## DATA FOR PROCESSING

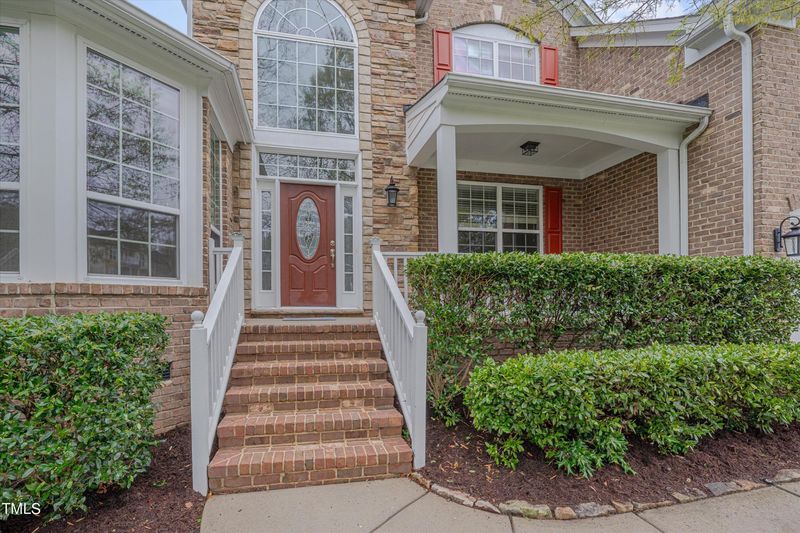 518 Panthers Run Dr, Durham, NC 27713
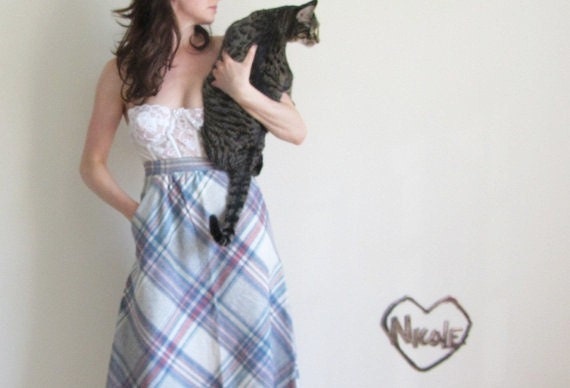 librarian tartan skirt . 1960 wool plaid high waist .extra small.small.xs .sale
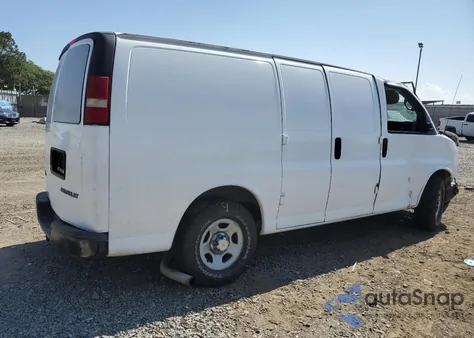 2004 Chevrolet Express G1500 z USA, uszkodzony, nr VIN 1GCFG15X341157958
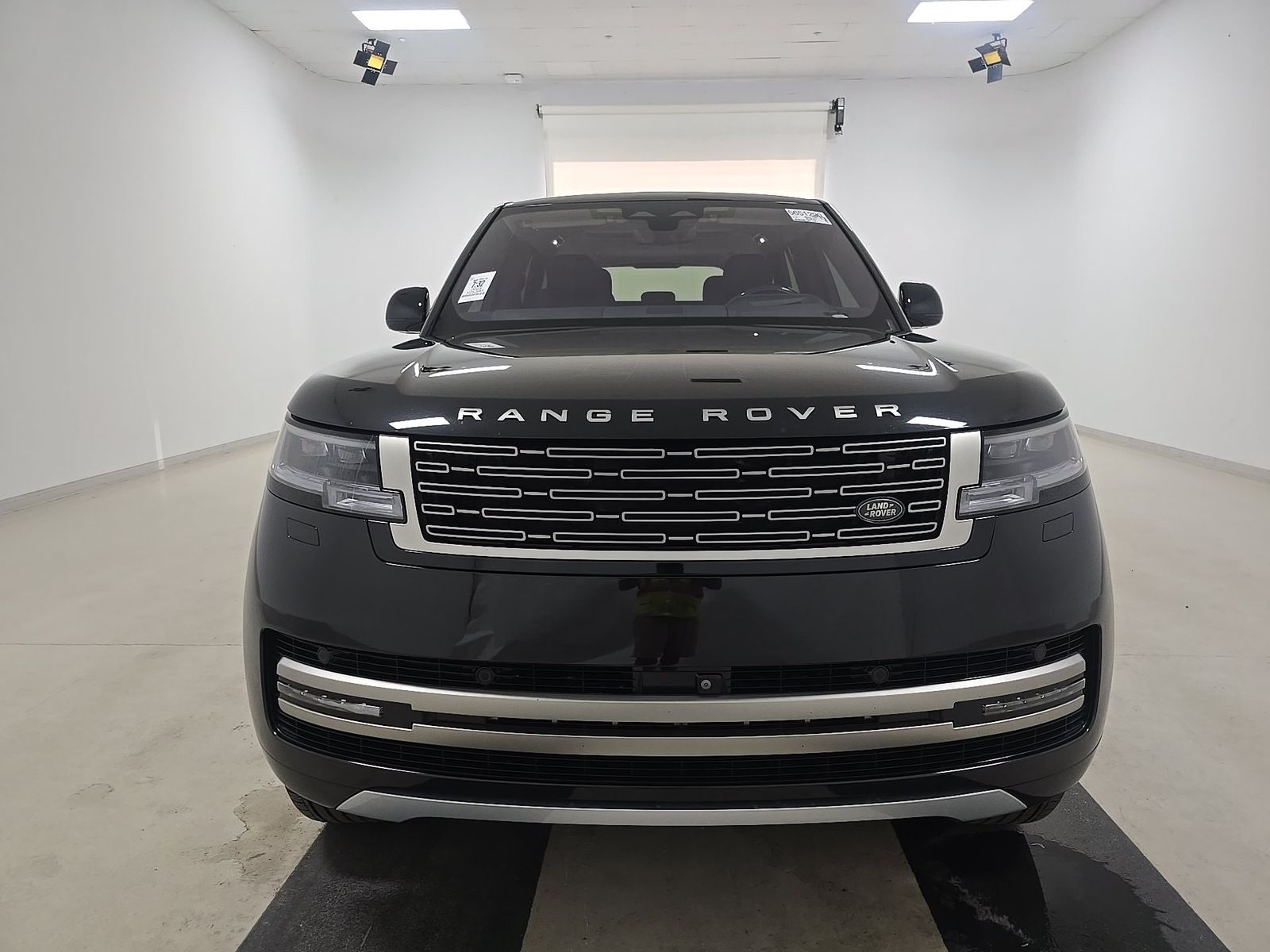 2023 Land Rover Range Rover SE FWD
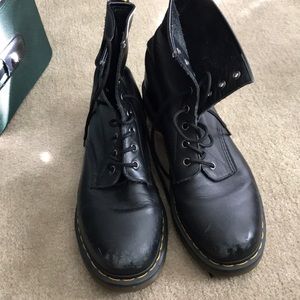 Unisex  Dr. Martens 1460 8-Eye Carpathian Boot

--

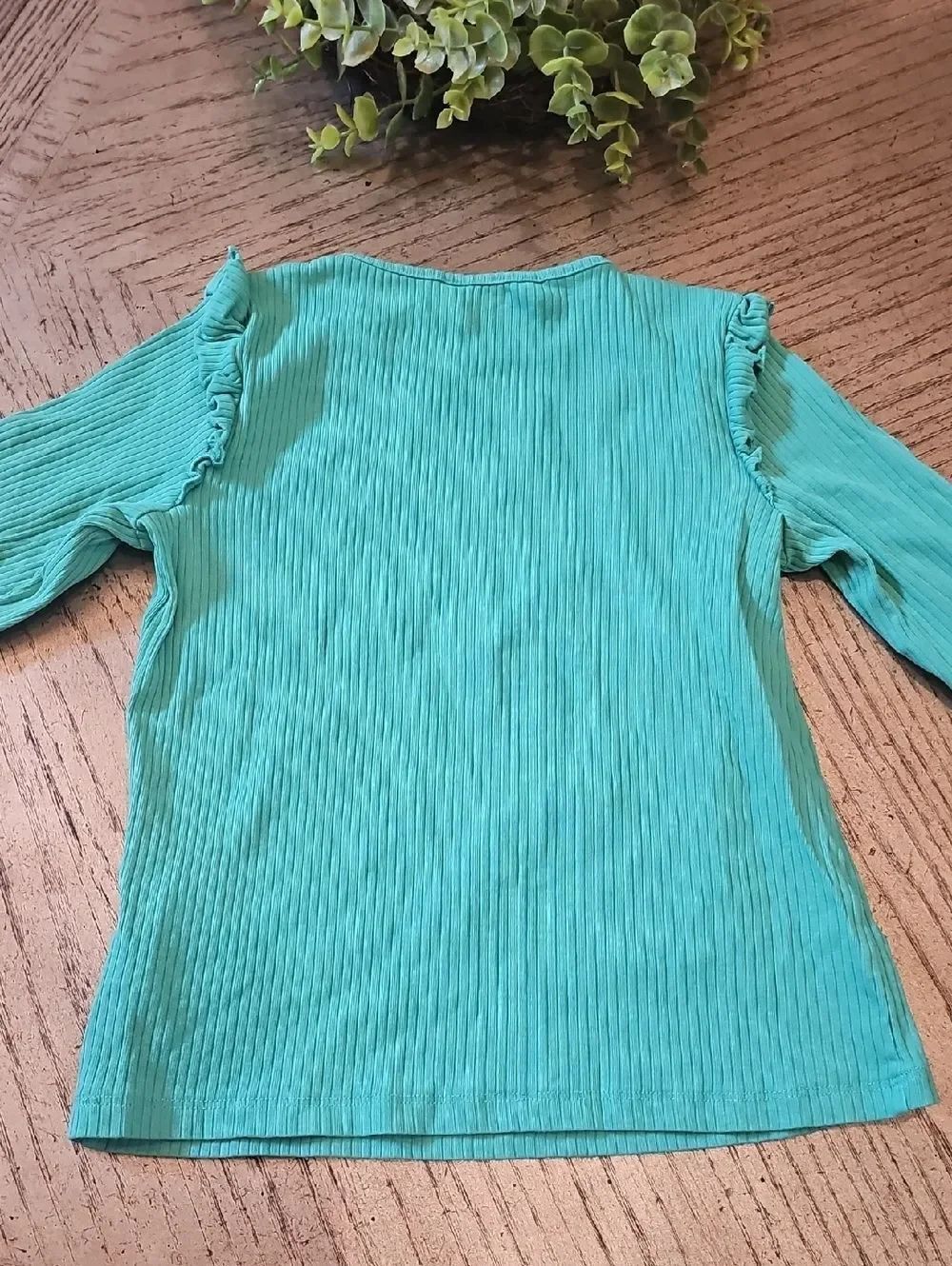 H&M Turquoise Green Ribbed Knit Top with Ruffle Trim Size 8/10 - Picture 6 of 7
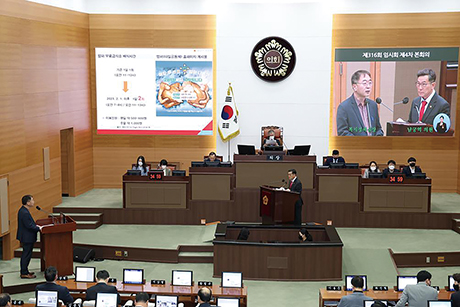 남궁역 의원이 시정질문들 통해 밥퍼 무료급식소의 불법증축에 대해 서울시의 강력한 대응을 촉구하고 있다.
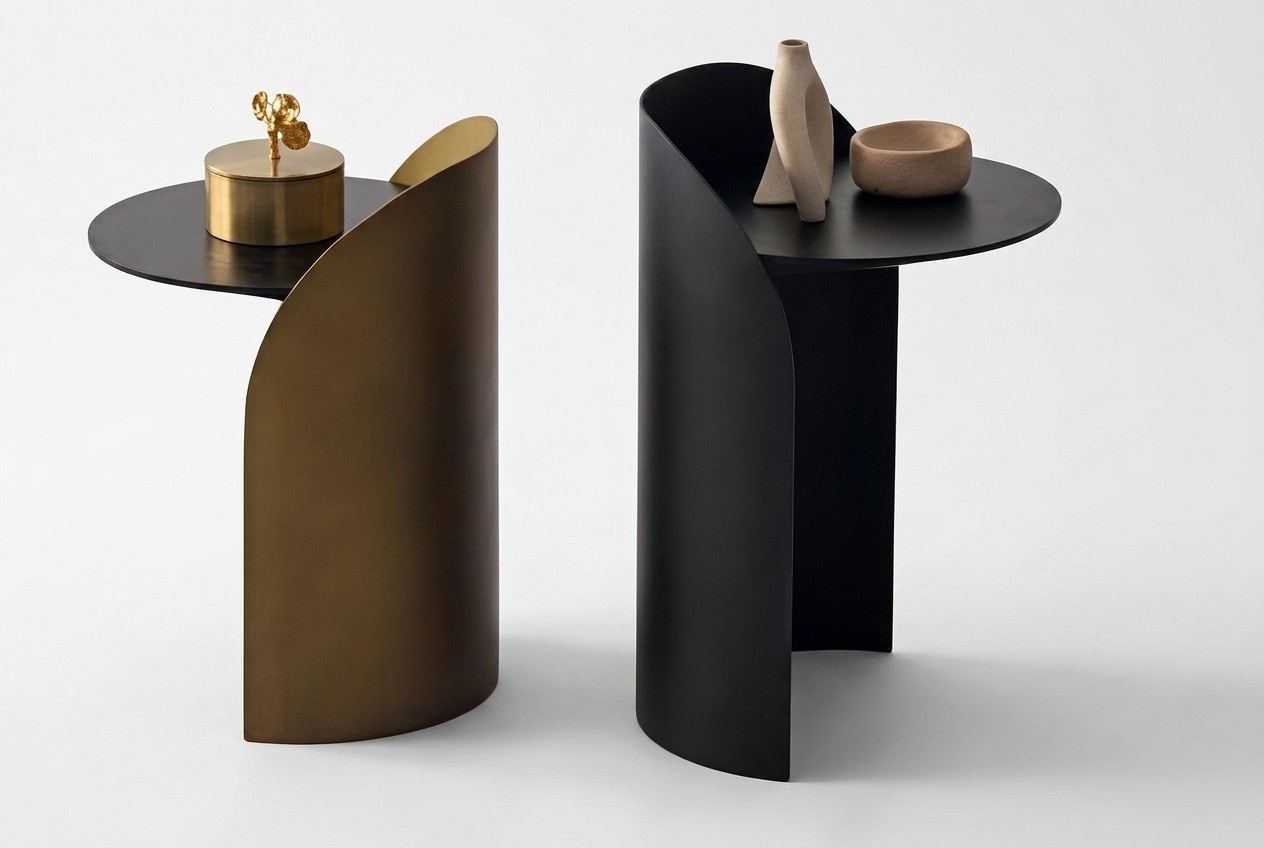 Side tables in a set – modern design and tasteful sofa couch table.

## YOUR INSTRUCTIONS
From the records above, quote word for word only the lines beginning at the line that has "518 Panthers Run Dr, Durham, NC 27713" and stopping after the line that has "8-Eye Carpathian Boot". Omit the pictures.

## EXERCISE SOLUTION
 518 Panthers Run Dr, Durham, NC 27713
 librarian tartan skirt . 1960 wool plaid high waist .extra small.small.xs .sale
 2004 Chevrolet Express G1500 z USA, uszkodzony, nr VIN 1GCFG15X341157958
 2023 Land Rover Range Rover SE FWD
 Unisex  Dr. Martens 1460 8-Eye Carpathian Boot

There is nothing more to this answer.